Thanks to Rebecca Gorman for the discussions that inspired these ideas.

We recently argued that full understanding of value extrapolation[1] was necessary and almost sufficient for solving the AI alignment problem, due to the existence of morally underdefined situations.

People seemed to generally agree that some knowledge of human morality was needed for a safe powerful AI. But it wasn't clear this AI needed almost-full knowledge of human morality, as well as value extrapolation. We got some high-quality alternative suggestions. In this post, we'll try and distil those ideas and analyse them.

AI seems to behave reasonably

Steven Byrnes's position, if we understand it correctly, is that the AI should learn to behave in non-dangerous seeming ways[2].

Our phrasing of the idea would be (apologies for any misinterpretations):

  1. There are many behaviours that agents can follow. Typical humans follow typical behaviours, to achieve typical consequences. And other typical humans can assess both behaviours and consequences, and grade them as (typical) good, (typical) bad, or weird.
  2. An AI should behave in ways that typical humans judge as good, achieving consequences that typical humans judge as good. If there is too high a risk of weirdness, the AI will output NOOP (no operation).

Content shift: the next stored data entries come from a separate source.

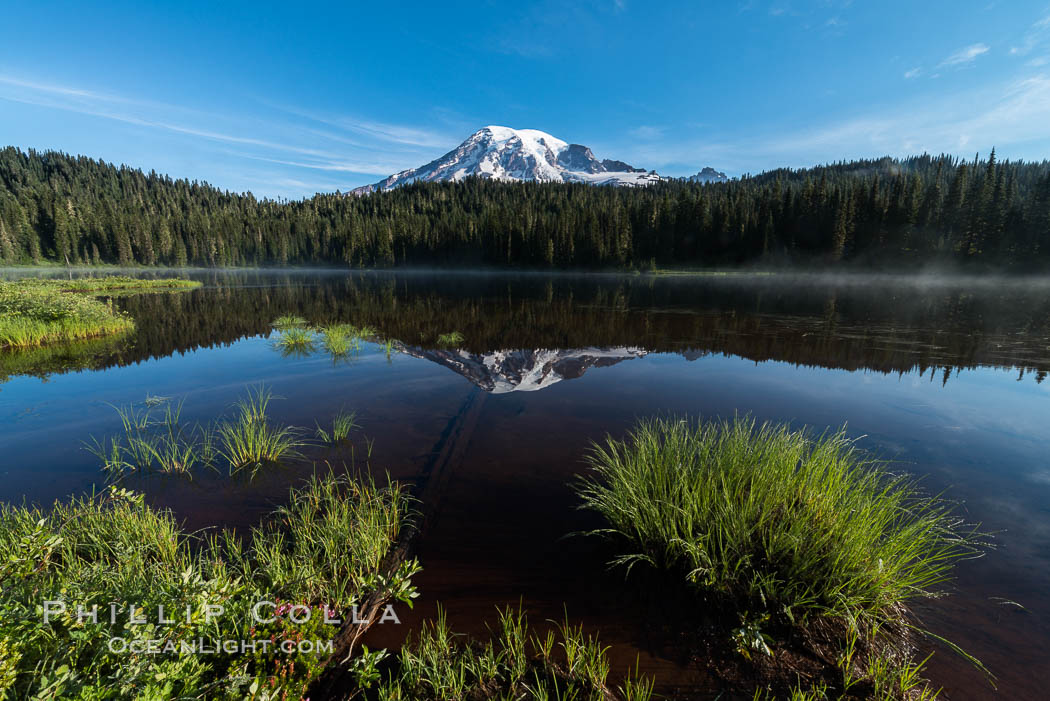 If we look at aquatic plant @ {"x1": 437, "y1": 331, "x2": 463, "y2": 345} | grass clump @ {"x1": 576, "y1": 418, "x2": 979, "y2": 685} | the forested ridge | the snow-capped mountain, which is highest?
the forested ridge

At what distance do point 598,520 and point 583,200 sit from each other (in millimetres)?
185749

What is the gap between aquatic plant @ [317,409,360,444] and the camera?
857cm

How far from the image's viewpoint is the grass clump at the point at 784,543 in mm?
3834

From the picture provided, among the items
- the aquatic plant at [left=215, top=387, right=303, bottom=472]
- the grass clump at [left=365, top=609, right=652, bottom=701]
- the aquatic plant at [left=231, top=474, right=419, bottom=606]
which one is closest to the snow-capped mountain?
the aquatic plant at [left=215, top=387, right=303, bottom=472]

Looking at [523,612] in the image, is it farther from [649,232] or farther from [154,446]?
[649,232]

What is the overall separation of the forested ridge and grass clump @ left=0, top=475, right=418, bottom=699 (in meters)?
108

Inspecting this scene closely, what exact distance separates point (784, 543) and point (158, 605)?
18.1 ft

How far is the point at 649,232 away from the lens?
109m

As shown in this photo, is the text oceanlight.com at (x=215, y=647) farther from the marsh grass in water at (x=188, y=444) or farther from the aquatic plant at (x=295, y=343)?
the aquatic plant at (x=295, y=343)

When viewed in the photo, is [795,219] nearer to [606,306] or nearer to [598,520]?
[606,306]

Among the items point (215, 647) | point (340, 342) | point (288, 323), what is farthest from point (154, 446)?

This seems a sensible approach. But it has a crucial flaw. The AI must behave in typical ways to achieve typical consequences - but how it achieves these consequences doesn't have to be typical.

For example, it might make an explanatory video to convince someone to follow some (reasonable) course of action. The video itself is not unusual, but the colour scheme happens to hypnotise that specific viewer into following the suggestion. At a gross level of description, everything is fine: convincing-but-typical video convinces. But this only works because the AI has inhuman levels of knowledge and predictive ability, and carefully selects the "typical behaviour" that is the most effective.

Now, we might be able to make sure the AI doesn't have secret superhuman abilities (we've had an old underdeveloped idea that we could force the AI to use human models of the world to achieve its goals), but this is a very different problem, and a much harder one.

Then, given that the AI has access to superhuman levels of ability, the "typical consequences" is no longer a safe goal. It reduces to "consequences that seem typical to an observing human", which is not a safe goal for the AI; it can now do whatever it wants, as long as its actions and consequences look ok.

Still, it might be worth developing this idea; it might work well combined with some other safety approaches.

Advanced human feedback

Rohin's argument is that we don't need the AI to solve value transfer and extrapolation. Instead, we just need a "well-motivated" AI that asks us what we prefer. It must present the options and the consequences in an informative manner. If there are morally underdefined questions where we might give multiple answers depending on question phrasing, then the AI goes to a meta level and asks us how we would want it to ask us.

This is a potentially powerful approach. It solves the value extrapolation problem indirectly, by deference to humans. It is similar to a scaled-up version of "informed consent".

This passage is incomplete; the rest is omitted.